Así pues, mientras los límites de la radio privada no son
estrictamente nítidos en los dos ejemplos citados, es lógico
que también a la hora de programar las dos cadenas citadas se planteen
preocupaciones sectoriales de radio pública de acuerdo con sus
respectivas titularidades.
Al margen de estas consideraciones permítanme recordarles algo
que todos sabemos. En este país se está haciendo una buena
radio. Las radios privadas hacen una programación excelente con
unas estructuras de parrilla que llaman la atención a los observadores
extranjeros. Eso es cierto, pero no lo es menos que este fenómeno
se debe, en parte, a la existencia de una también excelente radio
pública que ha sido igualmente elogiada desde el exterior y que
sirve -y ayer lo reconocía aquí un representante del sector
privado-, como referente, como listón de calidad para la radio
comercial.
La actual forma de programar de la radio generalista privada española,
la programación de grandes bloques abiertos fue introducida y consolidada
en España por Radio Nacional. Y ese papel de innovación
e investigación es otra de las funciones fundamentales de la radio
pública que puede buscar nuevos horizontes sin tanto riesgo ni
urgencia como las privadas y ofrecer a estas sus aciertos o sus fracasos
ya probados.
"Invento" de Radio Nacional es Radio Clásica, cuya fórmula
debidamente adaptada a sus necesidades ha adoptado recientemente una privada.
Y de otra pública, Catalunya Radio, es el mérito de haber
importado la fórmula all news que ahora Radio Nacional ha adaptado
a la difusión de cobertura nacional a través de Radio-5.

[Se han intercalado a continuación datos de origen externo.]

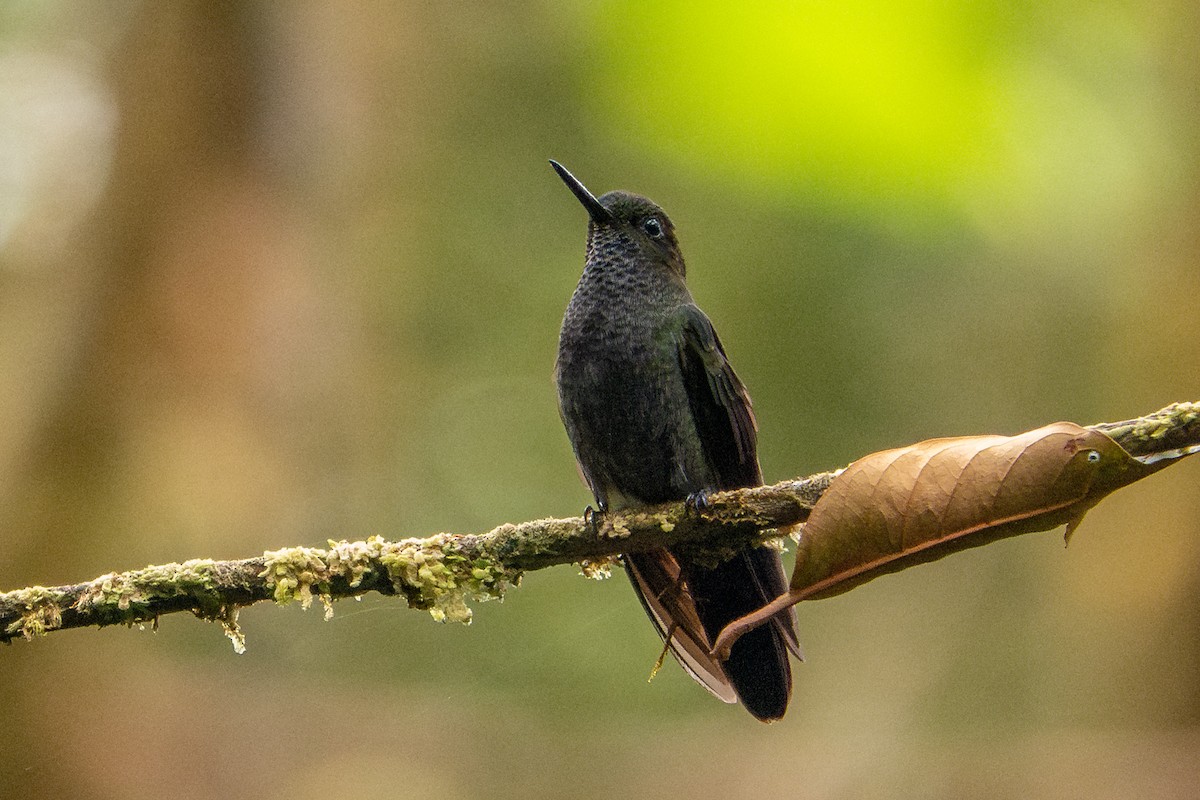 Hoary Puffleg - ML618803698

Si la fórmula se ve rentable a nivel comercial, probablemente la
radiodifusión privada la incorpore a sus ofertas, y otros campos
serán investigados por la pública, como ha venido haciendo
a lo largo de los años.
2. LA JUSTIFICACIÓN DE
LAS RADIOS MUNICIPALES
Por último quería romper una lanza
en favor de otro tipo de radio pública, la municipal, que ha sido
duramente cuestionada a través de estas jornadas.
Es cierto que en muchos casos, la inexperiencia, o la dejadez en su gestión
les hace ejemplos de absolutamente nada; pero no lo es menos que, como
idea, y en algunos contados casos en praxis, son necesarias en determinados
lugares del país cuya demografía, sociología y economía
las constituye en los únicos medios posibles de comunicación
del entorno próximo.
Es posible que en los grandes municipios estén dando un bocado
más o menos substancioso a la tarta publicitaria; es posible. Pero
no lo es menos que, en otros, ninguna empresa privada podría asumir
su coste, por mínimo que fuera, sin generar déficits que
no tiene por qué soportar una empresa privada.
También es cierto que sus programaciones responden a objetivos
que no parecen de interés comercial ni son medios de captación
de grandes audiencias. Pienso en programas para pequeños colectivos
de carácter local que constituyen un buen porcentaje de las programaciones
municipales que conozco.
En cuanto a la publicidad, yo quisiera preguntarles qué otro medio
tiene de anunciarse el comercio, o el cine local, o el negocio familiar
de un pequeño municipio, a veces rodeado de caseríos, pedanías
o parroquias igualmente minúsculas y distantes algunos kilómetros
entre sí.
¿No están cumpliendo ahí, con unas tarifas absolutamente
simbólicas, traslación de las cuotas que hasta hace unos
años cobrara el pregonero de la trompetilla, un servicio, y un
cierto papel de dinamización del comercio local?
Quizá la base de este conflicto que parece
preocupar a la radio privada se encuentra en la aplicación del
principio "café para todos", cuando en muchos lugares
ni siquiera hay café sino pura achicoria.